Claim: If $M > 0$ is such that $|a_{ij}|\le M$ for all $1\le i,j\le d$, then $$|a_{ij}^{(n)}|\le (dM)^n$$ for all $n\in \mathbb N$.
Proof. I have proved this claim by induction. The base case is trivial, since $d\ge 1$. It is easily seen that $$\left|a_{ij}^{(n+1)}\right| = \left|\sum_{p=1}^d a_{ip}^{(n)} a_{pj}\right| \le \sum_{p=1}^d |a_{ip}^{(n)}|| a_{pj}| \le \sum_{p=1}^d (dM)^n M = (dM)^{n+1}$$
Questions:
I am looking for direct proofs (i.e. without induction) of the above result.

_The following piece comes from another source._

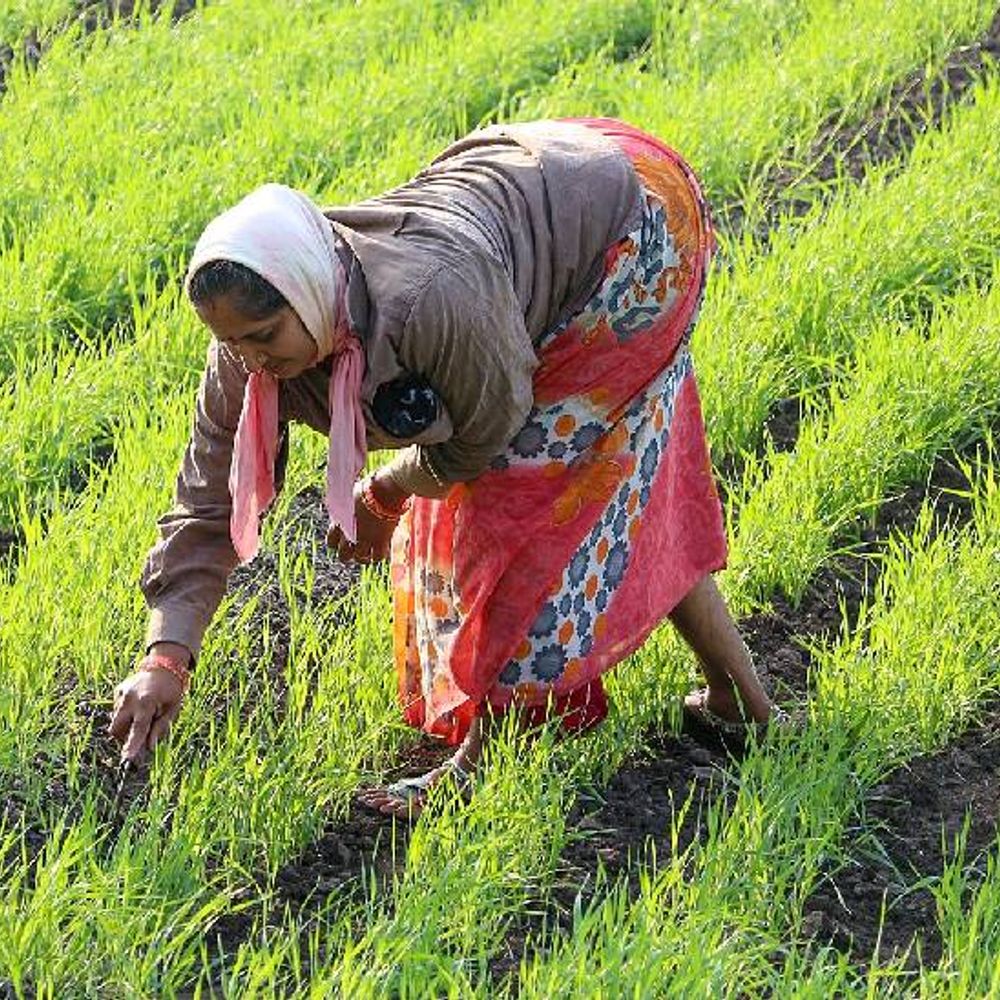 पोषक अनाज के उत्पादन में मप्र तीसरे स्थान पर‎:मोटे अनाज की ओर लौट रहा प्रदेश का किसान, देश में 12.17 फीसदी है हिस्सेदारी‎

Could I get some suggestions?
Are better bounds known? That is, can we find $\lambda(M,n,d)$ such that if $|a_{ij}|\le M$ for all $1\le i,j\le d$, then $|a_{ij}^{(n)}|\le \lambda(M,n,d)$ for all $n\in \mathbb N$, where $\lambda(M,n,d) < (dM)^n$?

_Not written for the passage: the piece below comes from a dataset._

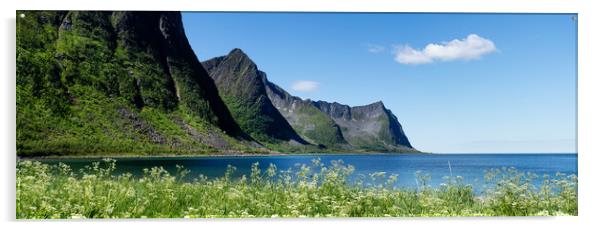 Senja Island Steinfjorden mountains Norway Acrylic by Sonny Ryse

The best upper bound is $d^{n-1}M^n$: \begin{aligned} |(A^n)_{ij}| &=\left|\sum_{(k_1,k_2,\ldots,k_{n-1})\in[d]^{n-1}} a_{ik_1}a_{k_1k_2}\cdots a_{k_{n-1}j}\right|\\ &\le\sum_{(k_1,k_2,\ldots,k_{n-1})\in[d]^{n-1}} |a_{ik_1}a_{k_1k_2}\cdots a_{k_{n-1}j}|\\ &\le\sum_{(k_1,k_2,\ldots,k_{n-1})\in[d]^{n-1}}M^n\\ &=d^{n-1}M^n. \end{aligned} This bound is sharp. It is attained when every element of $A$ is equal to $M$.